De aquí nació una idea casi de ciencia ficción: ¿y si este hongo utilizara la radiación como fuente de energía, al igual que las plantas utilizan la luz solar?
Algunos científicos han sugerido que la melanina presente en el hongo podría funcionar de forma similar a la clorofila de las plantas. En lugar de absorber luz, absorbería radiación ionizante y la convertiría en alguna forma de energía útil para el hongo. A esto se le llamó radiosíntesis.
Suena increíble, pero hay un problema: todavía nadie ha podido probar el mecanismo en detalle.
Lo que se sabe es que:
- La radiación no te daña como cabría esperar;
- Crece más cuando se expone a estas dosis;
- La melanina parece cambiar de comportamiento cuando es bombardeada por radiación.
Pero demostrar que el hongo en realidad se “alimenta” de radiación, con un aumento mensurable de la energía metabólica o la fijación de carbono dependiente de esta radiación, sigue siendo el gran desafío.

Del reactor de Chernóbil al exterior de la Estación Espacial Internacional
Este hongo no se limitó a Ucrania. En 2022, un equipo llevó C. sphaerospermum al espacio y lo colocó fuera de la Estación Espacial Internacional (ISS), expuesto a la radiación cósmica.
El resultado fue aún más extraño: los sensores colocados debajo de la capa del hongo mostraron que pasaba menos radiación a través del hongo que a través de un tablero de control libre de hongos.
Es decir, además de sobrevivir, parecía funcionar como una especie de “escudo” biológico.
El objetivo de este estudio no era probar la radiosíntesis, sino evaluar si este tipo de hongo podría usarse como protección contra la radiación en misiones espaciales.
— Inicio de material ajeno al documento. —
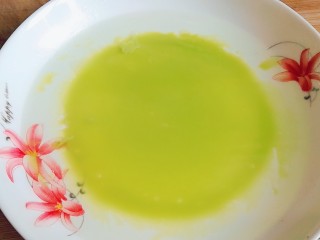 10、翡翠凉皮（不用洗面的凉皮）,倒入凉水冰一下方便取出，也更筋道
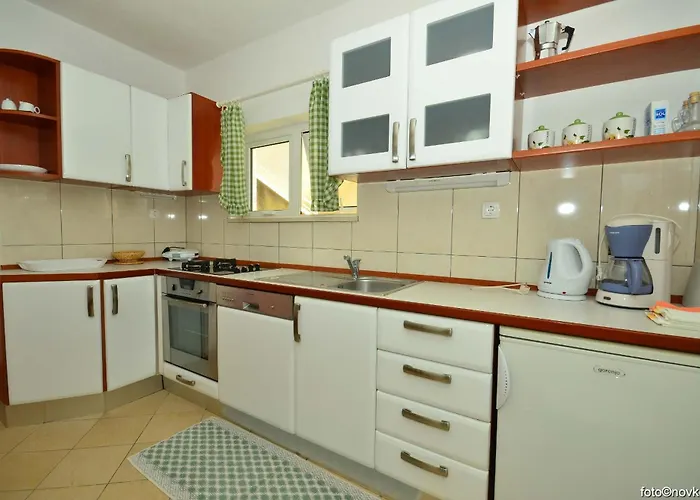 A2 Apartment Fani Kanun Appartamento Bol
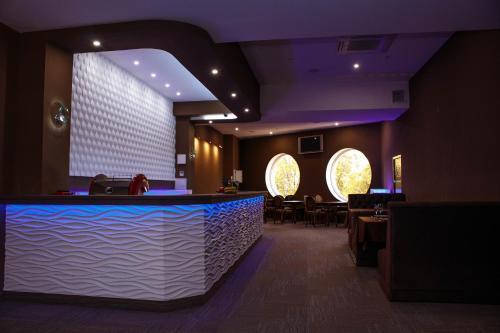Platinum Hotel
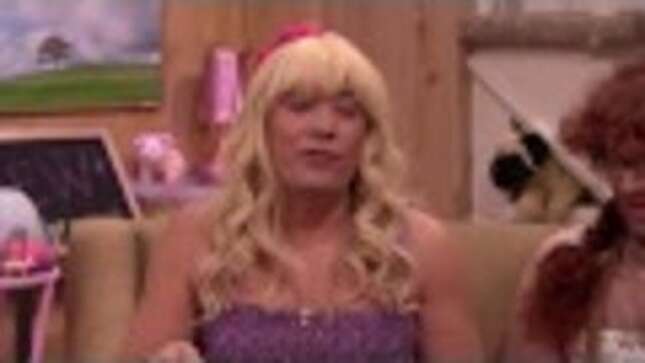 Seth Rogen and Zac Efron Dress as Teen Girls, Take Selfies With Fallon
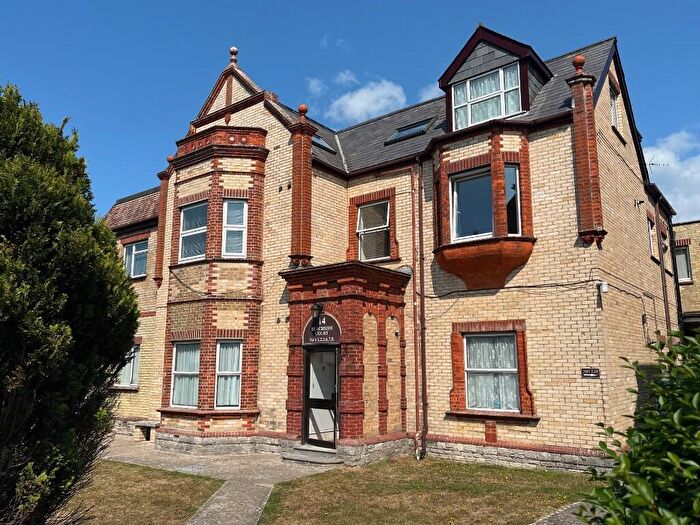 2 Bedroom Flat For Sale In Victoria Avenue, Swanage, Dorset, BH19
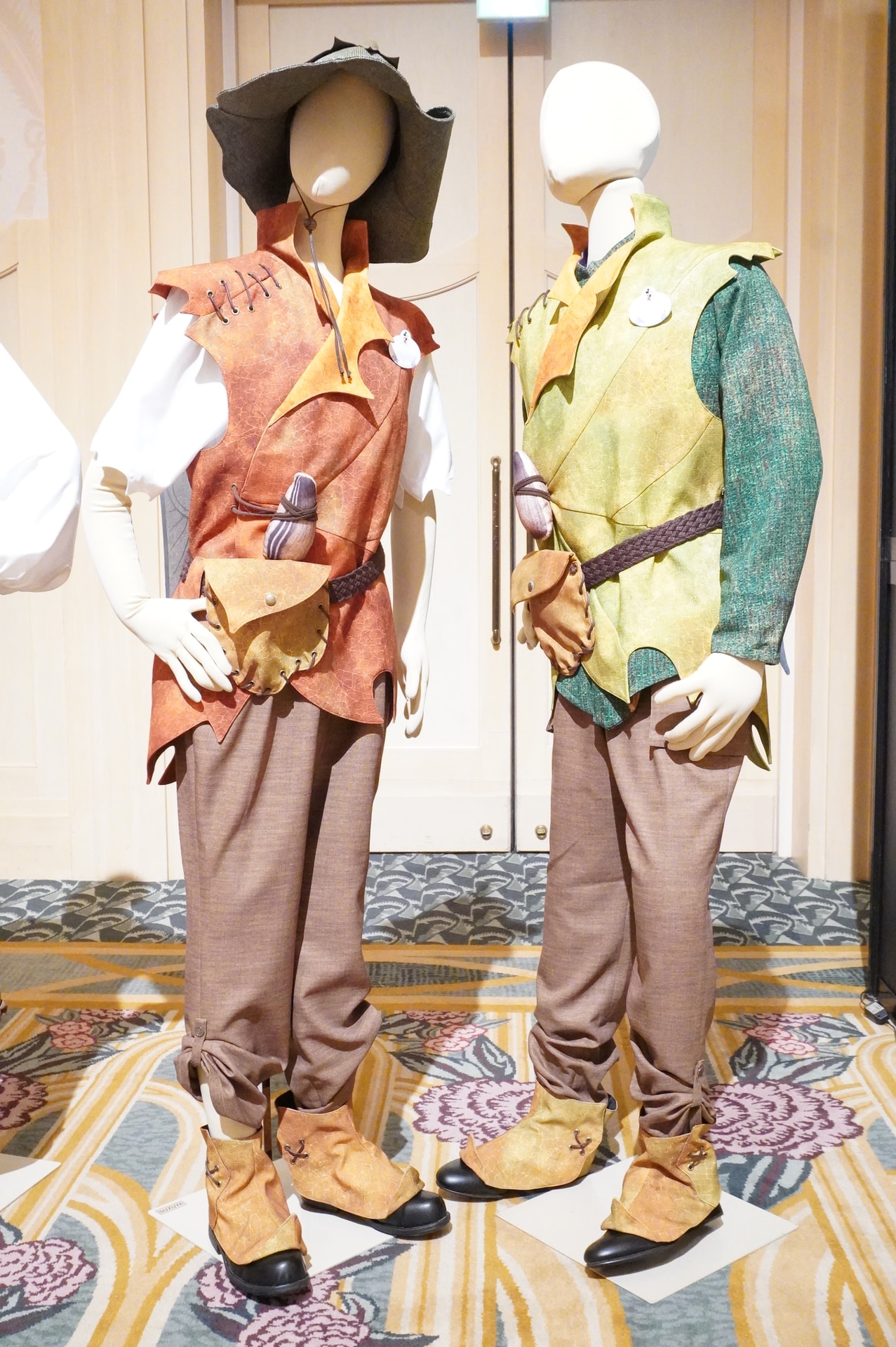 「フェアリー・ティンカーベルのビジーバギー」のキャストは、ティンカーベルと同じく機械、道具、装置類について知識が豊富なものづくりの妖精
La idea de cubrir partes de naves o bases lunares/marcianas con capas de hongos melanizados ya no parece tan descabellada.
Otros hongos extraños… pero ninguno como ellos
C. sphaerospermum no está solo en este club radiactivo.
Otros ejemplos:
Un hongo llamado Wangiella dermatitidis también crece mejor bajo radiación ionizante;
Cladosporium cladosporioides aumenta la producción de melanina cuando se expone a radiación gamma o UV, pero sin mucho aumento en el crecimiento.
Esto demuestra que no todos los hongos oscuros hacen lo mismo. La reacción a la radiación podría ser un mecanismo de protección, una forma de aprovechar energía extra… o ambas cosas. En el caso específico de C. sphaerospermum, el comportamiento sigue siendo único y misterioso.